HDD IOPS limiting factor – seek or rpm?

Home > datacenter > HDD IOPS limiting factor – seek or rpm?

HDD IOPS limiting factor – seek or rpm?

October 8, 2007 Don MacAskill

Any storage experts out there? Can you forward this to any you may know?

An interesting thread developed in the comments on my post about Dell’s MD3000 storage array regarding theoretical maximum random IOPS to a single HDD. I’m hoping by bringing it up to the blog level, we can get some smart people who know what they’re talking about (ie, not me) to weigh in.

I’ve always believed that for a small random write workload, the revolutions per minute (rpm) of the drive was the biggest limiting factor. I think I’ve believed this for a few reasons:

It seems logical that the biggest “time waster” in seek time is probably rpm anyway. Even if the drive arm has found the right position on the platter, it likely has to wait some amount of time, up to a full revolution, before it can write.
rpm is a “fixed” number, and thus easier to calculate, than seek which is more variable. So taking the easy way out, one of my favorite hobbies, seemed appropriate.

Using this theory, a 7200rpm drive can do a theoretical maximum of 120 IOPS, and a 15K drive can do 250. Note that these are fully-flushed non-cached writes to the spinning metal, with no buffering or write combining. Over the years, my own tests seem have validated this theory, and so I’ve just always believed it to be gospel.

Tao Shen, though, commented that my assumption is wrong, and that seek time is the limiting factor that matters, not rpm, and that faster drives can deliver more IOPS than my rpm math. He posits that a 15K drive with a 2ms seek time can do 500 IOPS. Now, he may have access to better drives than I do, since I think our fastest are 3.5ms (best case scenario), not 2ms. That’s what the latest-and-greatest Seagate Cheetah 15K.6 drives seem to do, too.

So which is it? Am I totally smoking crack? Is he? Or is the truth that seek time and rpm are so intimately tied together that separating them is impossible?

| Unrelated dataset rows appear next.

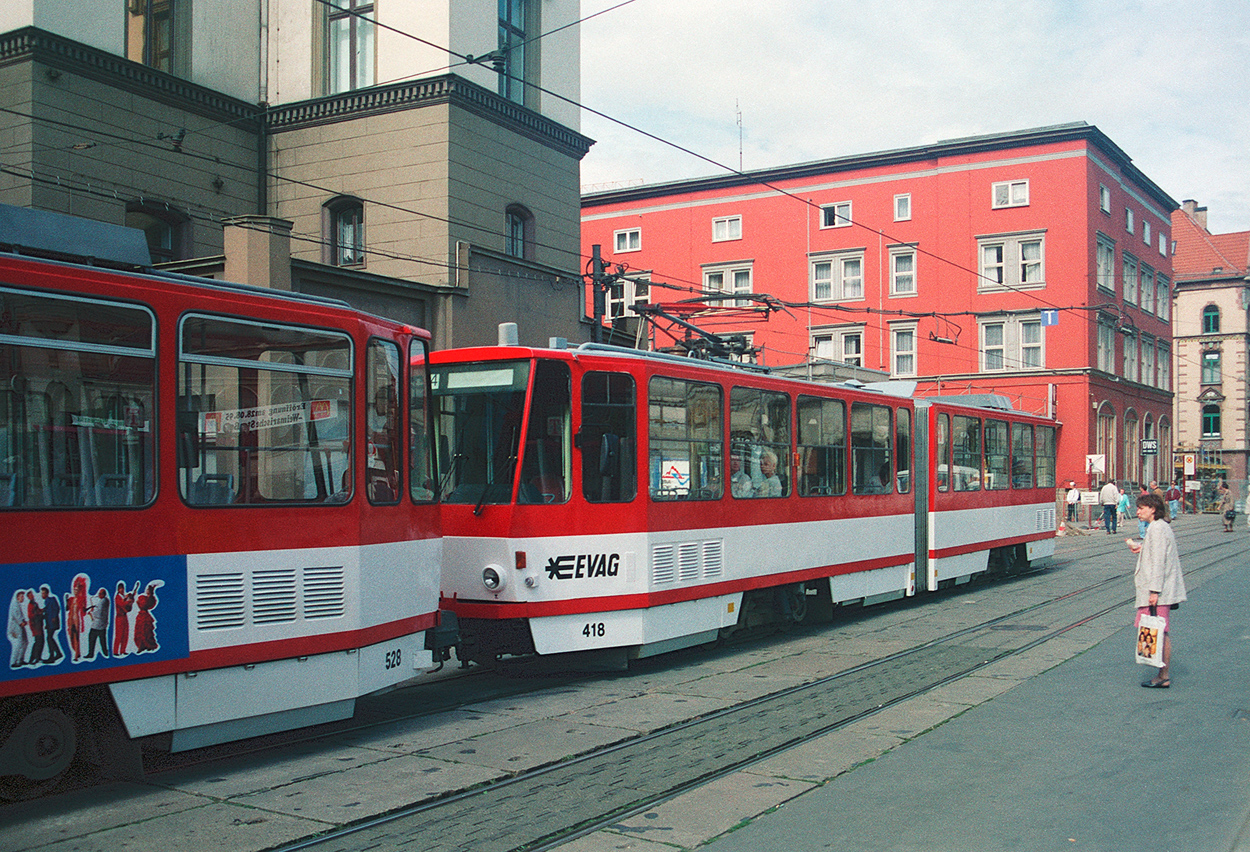Erfurt, Tatra KT4D # 418; Erfurt — Old photos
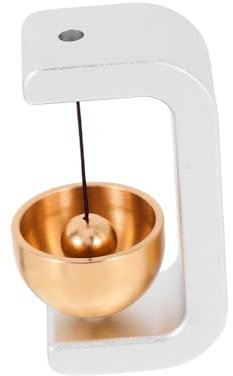 HOMSFOU Sonnette De Porte Magnétique Métal pour Entrée Entreprise Maison Bureau avec Tonalité Agréable Et Fixation Facile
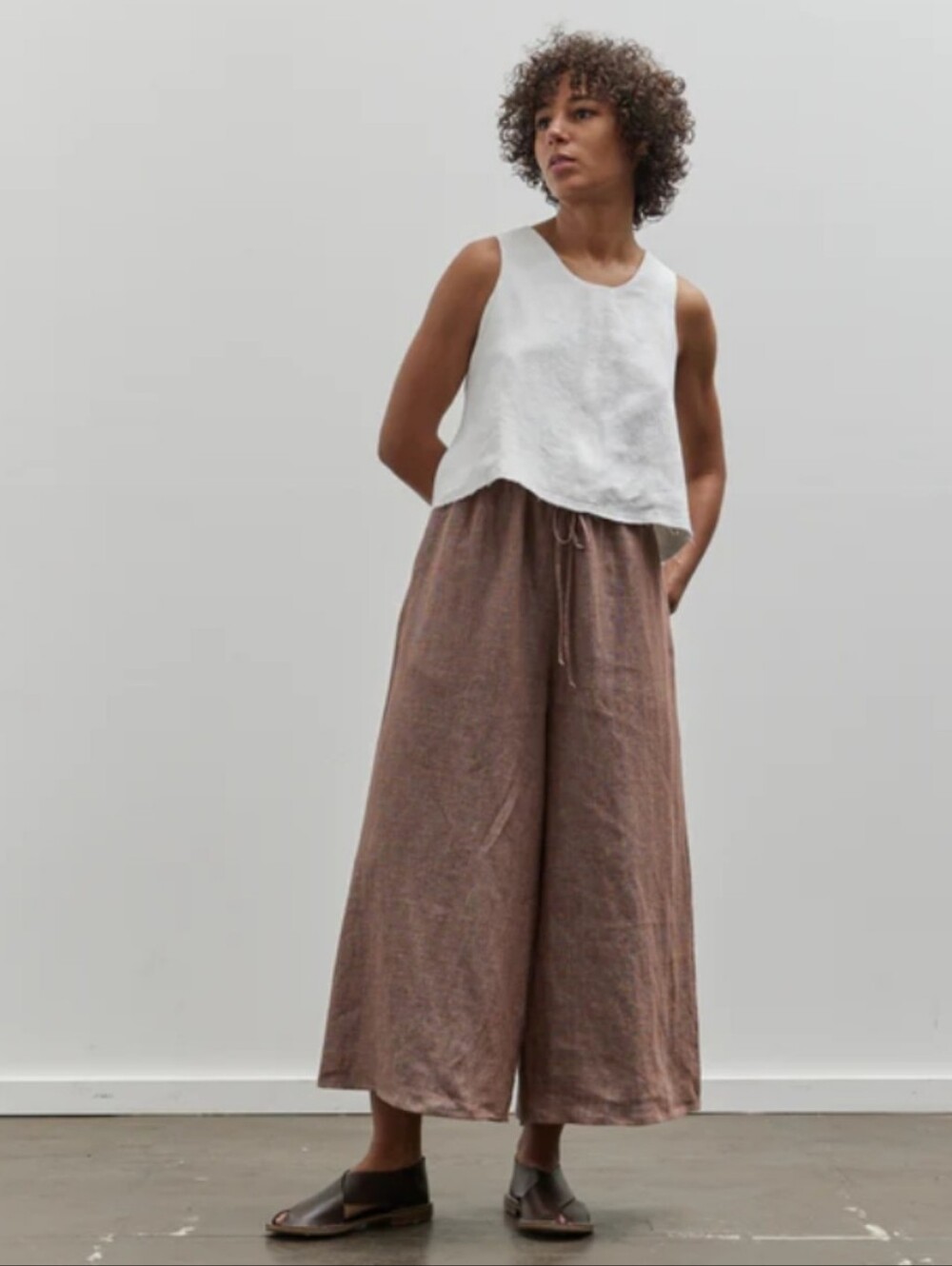 Zii Ropa Raf Wide Leg Pant In Arbutus - Picture 16 of 16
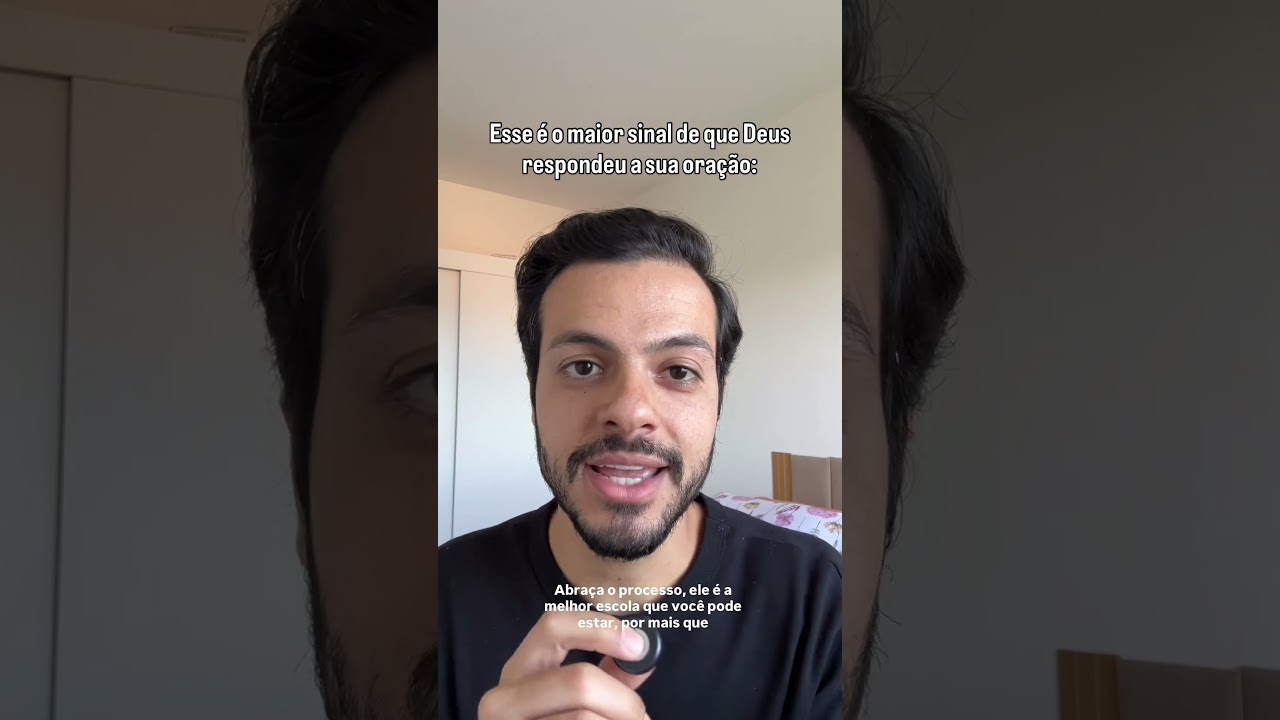 O sinal de que Deus respondeu a sua oração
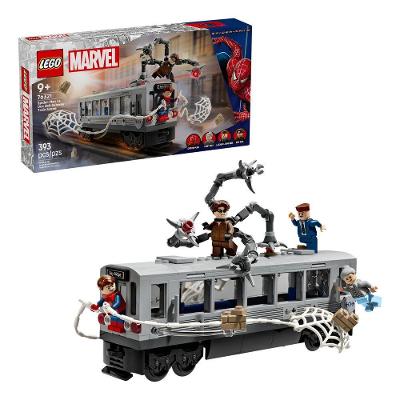 Brinquedo de Construção Lego Marvel 76321 Trem de Metrô Homem Aranha Vs Doutor Octopus Lego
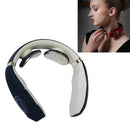 Cervical Vertebra Massager Charging Intelligent Pulse Physiotherapy Instrument Electromagnetic Vibration Neck Protector, Colour:Black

How does one calculate theoretical maximum IOPS?

Categories: datacenter

Comments (10)

Jeff Bonwick

October 8, 2007 at 7:00 pm

You’re right that rotation dominates, but you’re off by a factor of 2 in the calculation. On average, you have to wait half a revolution, not a whole revolution, for a random I/O. Thus a 7200 RPM drive should be able to deliver 240 IOPS, and a 15K RPM drive should deliver 500. However, this is a little optimistic because when you’re waiting for a 270 degree rotation, seek time doesn’t matter, but when you’re waiting for a 10 degree rotation it does — in fact, if you can’t seek fast enough, you’ll end up waiting for 370 degrees in that case. And the seek distance matters too, because track-to-track seeks are very fast, while larger seeks take longer (because you have to decelerate the head, find the sync marks, and wait for the arm to stop ringing).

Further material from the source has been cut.